What I like about this motto is that it can apply to anyone. What makes a life noble is doing the best one can. Now, surely Justice Marshall had some opportunities along the way and was equipped with talents of discernment and persuasion, but the essential of what he "had" was the gift of life within. What he "had" was a signature, a voice, a response to the life he was given. And he followed that voice, that being to its fullness. Was he perfect? No. Likeable? Not by everyone. He simply followed through on the convictions that unfolded in his life, finding the teachers, the opportunities, the experiences that would help him shape the life he led.

I don't know the personality of Thurgood Marshall, nor a lot about his life, but I do know that his simple statement, seemingly ironic and modest, was yet a powerful bit of life advice. Do the best you can with what you have. Don't milk regrets or resentments, don't proclaim superiority or victory, just meet the day fully and your life will manifest the gesture of creation that happens to be you.

Another guide that comes to mind is Arthur Ashe. While dying of AIDS from a blood transfusion, he commented that people often say "why me?" when misfortune befalls them and rarely say "why me?" when fortune is upon them. Again, a simple guiding message, that reminds us of our own grandiosity, our own tendency to compare ourselves to others and think somehow we should be treated differently, that life, somehow, should have us in more favor than another. We can easily then find a multitude of excuses and barricades that we suppose prevents us from getting what we want or being who we want to be (because of our "bad break" or unwarranted misfortune).
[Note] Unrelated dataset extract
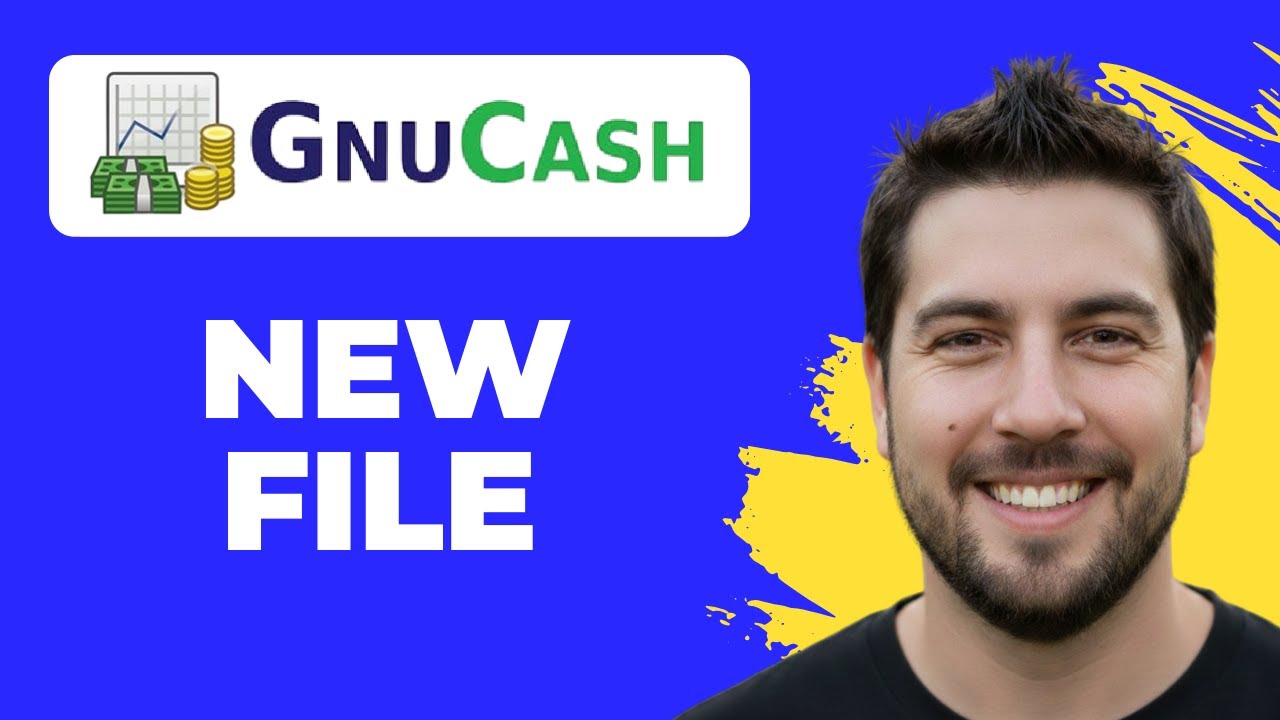How To Create A New File In GnuCash (2026 Guide)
I think of Eleanor Roosevelt who had a lot of advice for people and gave us the gift of gems like these: "you must do the thing you think you cannot" and "learn from the mistakes of others. You cannot live long enough to make them all yourself...."

In every life, on every day, there are guideposts to how we might live our lives. They appear in our experiences and within our conversations. They are broadcasted in art and political discourse. They are apparent in nature and scientific discoveries. They are offered in teaching and prayer.

The signals may be confusing, or hard to discern. And who knows which advice to take and which to let go? With so many opinions, choices and causes, where does the good life come from?

What the quips of wisdom I have shared all have in common is a sense of the common life. The guidance from that wisdom comes down to this: be who you are, not because someone else tells you and not to gain a prize or fame, but to express the inner truth within which will find its own way to manifest.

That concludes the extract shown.